§ **Task prompt**: Retype the entries below word for word, leaving out every picture.

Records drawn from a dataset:

○ ○ ○ ○ ○ ○ ○

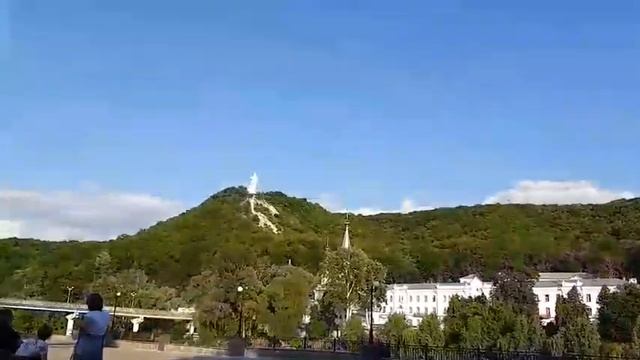 Музыка,Аватар парк студия ,Парижский вальс.Сержик Бэнд (Джира наяка) смотреть онлайн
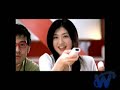 wiitv ed  2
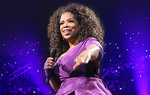 Win 1 of 3 Double Passes to An Evening With Oprah (NSW, QLD, SA) from Australian Radio Network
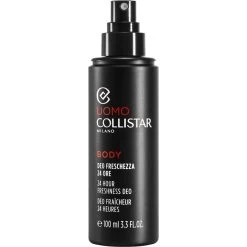 Soin Du Corps 24H Freshness Deodorant De Collistar -Soins Et Beauté Collistar Koerperpflege 24H Freshness Deodorant 55137x1 2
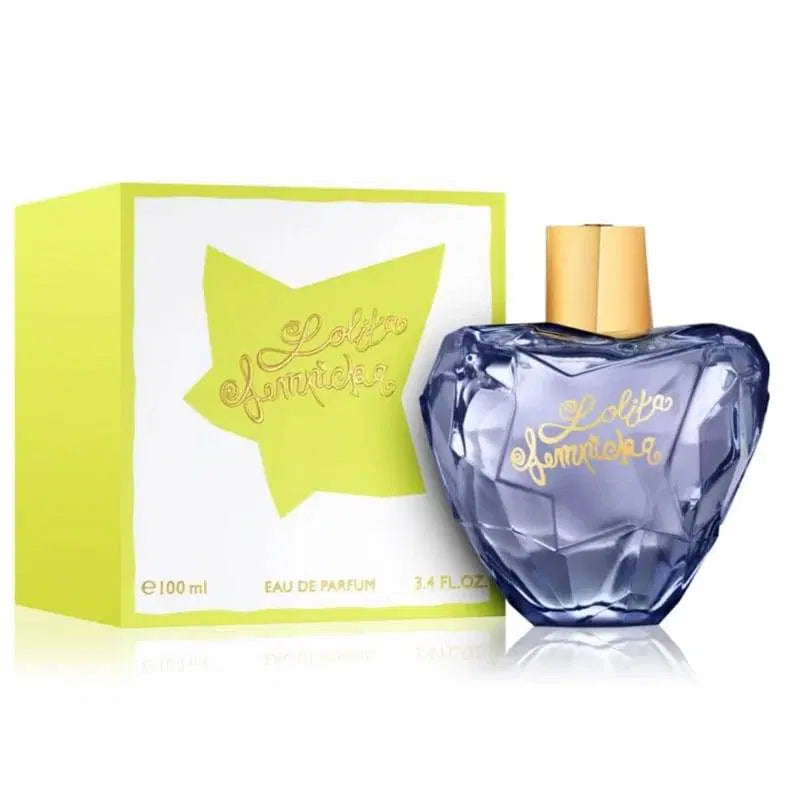Perfume Lolita Lempicka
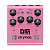 Гитарная педаль эффектов Strymon DIG dual delay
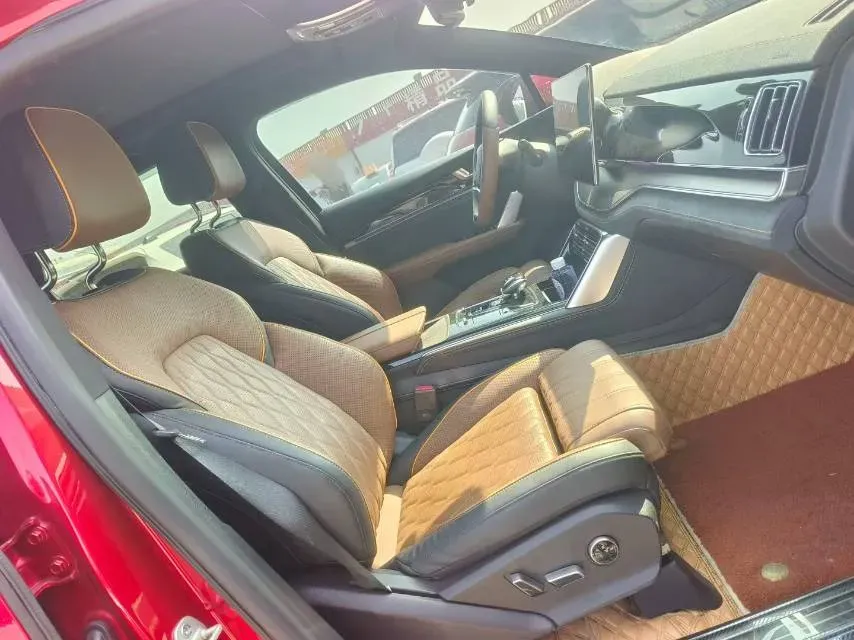 2021 BYD Tang 2.0T 192HP L4 6DCT PHEV 22.3KWH,autocango,china used car exporter,china ev exporter,chinese used car exporter,chinese used ev exporter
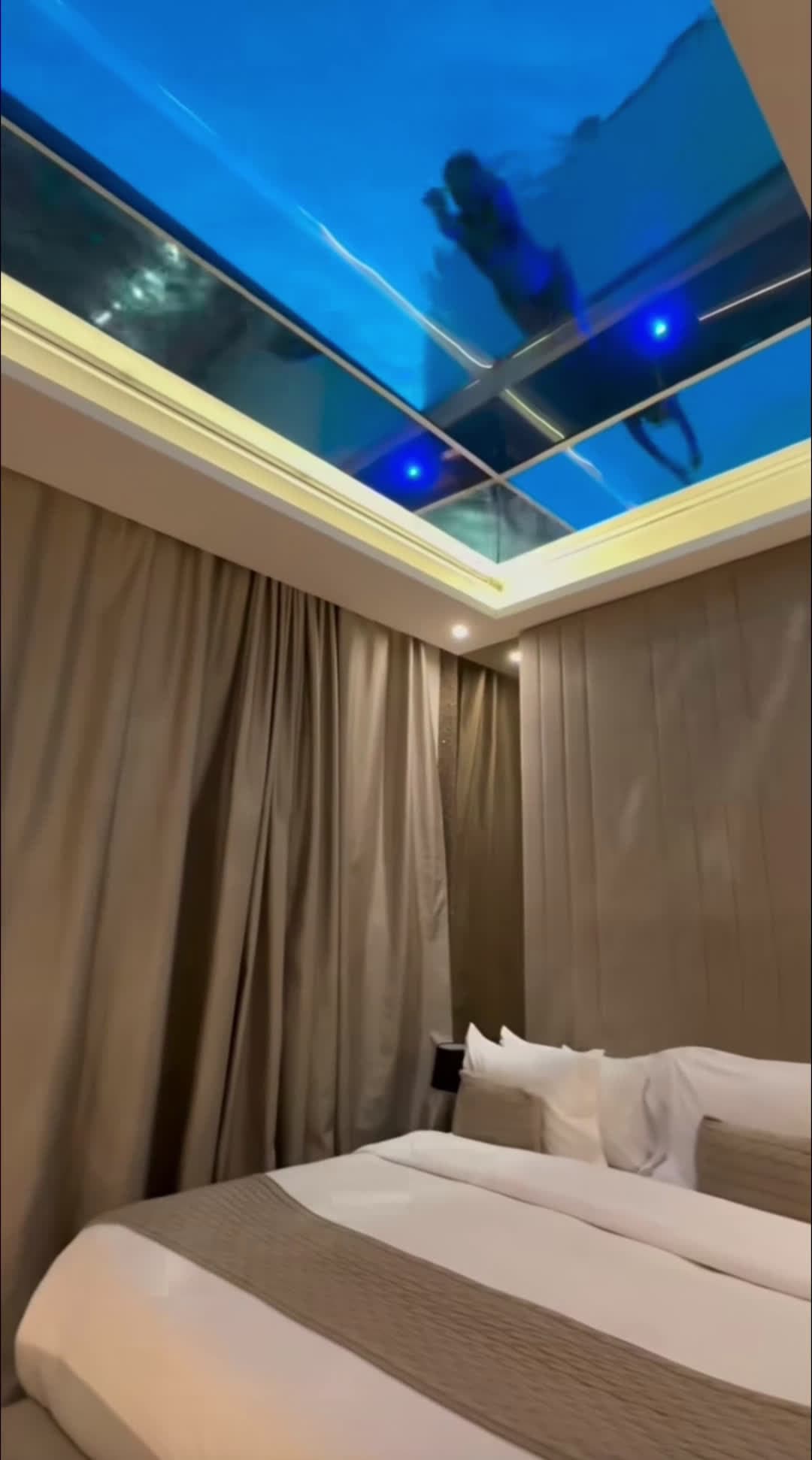 cover for  #scoopz  #amazing  #beautiful  #homes #scoopz  #scoopzreels  #scoopztrending #scoopz  #trending  #pov  #fyp  #foryoupage  #foryoupage❤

○ ○ ○ ○ ○ ○ ○

§ **Output for this exercise**:
 Музыка,Аватар парк студия ,Парижский вальс.Сержик Бэнд (Джира наяка) смотреть онлайн
 wiitv ed  2
 Win 1 of 3 Double Passes to An Evening With Oprah (NSW, QLD, SA) from Australian Radio Network
 Soin Du Corps 24H Freshness Deodorant De Collistar -Soins Et Beauté Collistar Koerperpflege 24H Freshness Deodorant 55137x1 2
Perfume Lolita Lempicka
 Гитарная педаль эффектов Strymon DIG dual delay
 2021 BYD Tang 2.0T 192HP L4 6DCT PHEV 22.3KWH,autocango,china used car exporter,china ev exporter,chinese used car exporter,chinese used ev exporter
 cover for  #scoopz  #amazing  #beautiful  #homes #scoopz  #scoopzreels  #scoopztrending #scoopz  #trending  #pov  #fyp  #foryoupage  #foryoupage❤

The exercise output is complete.